You don't mention the ages of
You don't mention the ages of BF's kids. If they are of age still needing a babysitter, lots of parents hire sitters so they can go out for NYE. If there are neighbor kids next store that the kids are friends with, maybe he can ask the neighbors to watch the kids.
If are BF is a homebody, it's possible having the kids all the holiday weekends is his way of dodging having to do the long weekend things that you'd rather be doing? Keeping his kids those weekends frees him up from having to tell you 'Id rather stay home, I don't want to go here, there'.

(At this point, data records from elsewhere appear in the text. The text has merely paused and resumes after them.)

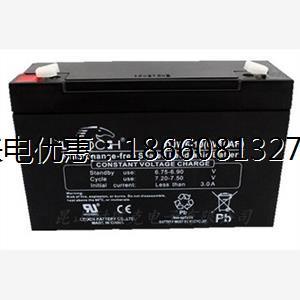 LEOCH理士蓄电池DJW6-10 6V10AH应急照明通讯设备备用电瓶现货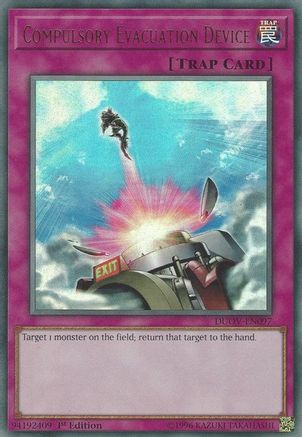 Compulsory Evacuation Device (DUOV-EN097) - Duel Overload 1st Edition-1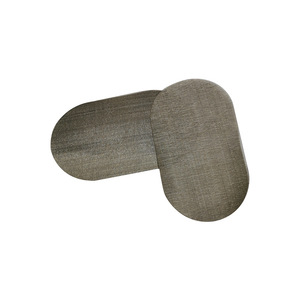 Disques filtrants ovales en acier inoxydable Jingshuo, maille filtrante à tissage simple de 1 mm pour la séparation huile-eau - Product Image 2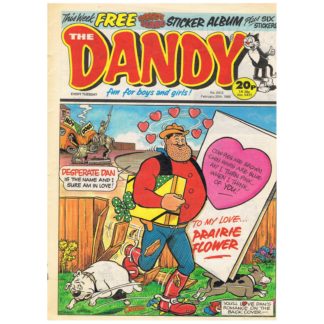 20th February 1988 - The Dandy - issue 2413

Regardless of what we here think of sharing holidays between households, it's not us that count. It's your BF. So far he's telling you 'no, the kids are coming'. So it really matters not if it's 'fair' or you're being reasonable or unreasonable. So far he's clearly been telling you he's not willing to work with you on the issue. You're wise to keep your own home and not marry at this point as it sounds like you two are on different pages when it comes to this weekend/holiday thing.
im going to echo of of
im going to echo of of oneoffour- the holiday time is nice, but you need your adult time too. Sks live with me and DH full time, visit BM eowe and holidays are rotated. The holiday rotation stinks, as we have Dh's family, my family then BM and her stuff. But either way- DH and still make time for us. BM does not do adult things like dh and I do, so we always have her take NYE so we can have an adult night. Even if we had the kids, we'd have my parents watch them so we can get a night out. NYE in my opinion is not a kid holiday. Asking him to give up time with his kids is a lot- but he also needs to respect you and your wishes here. I think a babysitter may be a good option for this party you RSVPd to
I agree that all couples need
I agree that all couples need some adult time however, holidays should be about family. Why aren't the kids going to your family holidays as well? It seems like you don't consider them to be your family. If you dont after four years, are you sure this relationship is right for you?